Tiger hit them all terrible, and it's become alarmingly clear that the wheels have fallen off, not just in his game, but the personal life that he refuses to speak about.

What everyone is going to want to see is Tiger on the U.S. Ryder Cup team come October when the Americans try to hang onto the cup in Wales. It seems unthinkable that the No. 1 golfer in the world wouldn't be on the U.S. Ryder Cup team. But he's not playing like No. 1. He's not even playing like No. 1,000.

A simple message to U.S. captain Corey Pavin: Don't do it. Unless by some miracle Tiger goes to Whistling Straights and plays night and day differently than he did in Akron should Pavin consider taking Tiger with one of his captain's picks.

Pavin has said he wanted him on the team, and he had hoped Tiger would earn an automatic spot.

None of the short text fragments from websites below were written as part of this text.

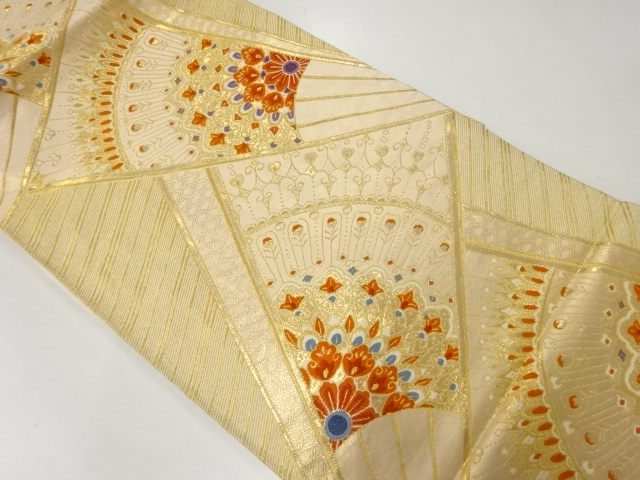 リサイクル　扇に華文模様織出し袋帯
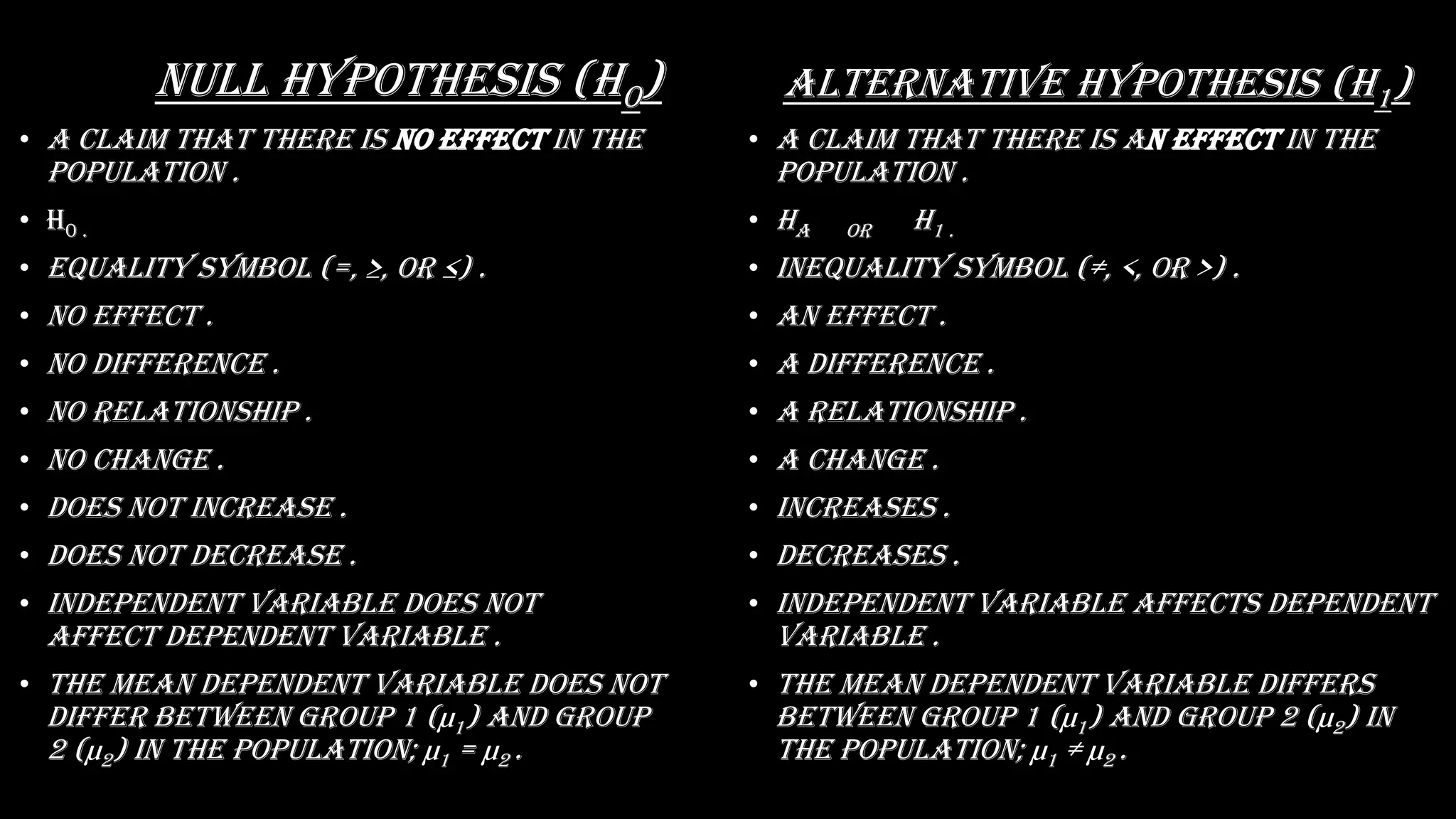 Null hypothesis (H0)
• A claim that there is no effect in the
population .
• H0 .
• EquaLity syMbOL (=, ≥, Or ≤) .
• No effect .
• No difference .
• No relationship .
• No change .
• Does not increase .
• Does not decrease .
• Independent variable does not
affect dependent variable .
• The mean dependent variable does not
differ between group 1 (µ1) and group
2 (µ2) in the population; µ1 = µ2 .
Alternative hypothesis (H1)
• A claim that there is an effect in the
population .
• Ha OR H1 .
• inEquaLity syMbOL (≠, <, Or >) .
• An effect .
• A difference .
• A relationship .
• A change .
• Increases .
• Decreases .
• Independent variable affects dependent
variable .
• The mean dependent variable differs
between group 1 (µ1) and group 2 (µ2) in
the population; µ1 ≠ µ2 .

That seems highly unlikely now, and Pavin is going to have a decision to make unless Tiger pulls himself out of the running and tells the U.S. captain that he can't do it.

He hasn't ruled it out yet, but just listening to how defeated he is right now, one would have to think he would save Pavin the trouble if he plays poorly again in the PGA Championship.

"''I wouldn't help the team if I'm playing like this,'' he said, in an Associated Press story Sunday. ''No one would help the team if they're shooting 18-over par.''

This was supposed to be Tiger's year. He screwed it up royally. He screwed it up last Thanksgiving, and pretty much all of the few years before that by completely botching his personal life.

And now a simple message to Tiger: Cut your losses. Get out. Get divorced, pay the insane amount of money to the wife you cheated on and open a new chapter. Quit hiding behind your celebrity and just spit out all the answers everyone in the press wants to know. Talk to Oprah, talk to Dr. Phil, hell, talk to Maury Povich -he'll gladly spot you a paternity test.

Woods seems like he's trying to hang onto something that just isn't there, like he's trying to atone. But if he were in fact atoning his golf game would be at least respectable. It's obvious he's in unfamiliar territory and has no clue what to do. He fired his swing coach, been belligerent with the media. About the only thing he's done right is keep it together on the course. But really, how big of a deal is that? Once you're in second to last place, it's not even worth throwing the club anymore.

His life has been one way forever. Now that it's chaos, he doesn't know how to deal with it, doesn't want help, and unless he gets it you can forget about hitting 18 majors. Try making 18 cuts. Try committing yourself to 18 events.

Infidelity. Divorce. Gossip. Rumors. Scandal. Welcome to your new life, Tiger. You can move past it all if you choose. Take it from guys like Daly. Hell, take it from a guy like me who is one of millions of people who have gone through divorce, been through therapy, been bloated on anti-depressants - there is no quick fix. Sometimes if you make a mess of things, it's better to let it all out in the open, go back to the drawing board and start over. Golf is a mental grind, and you're mentally grinding it straight into the ground. When you're past all of this, and I and so many other people sincerely hope that you do get past all of this, you'll be happier, wiser and far more at peace with yourself.

Once you've been to hell and back, golf will be the easiest, most enjoyable thing in the world.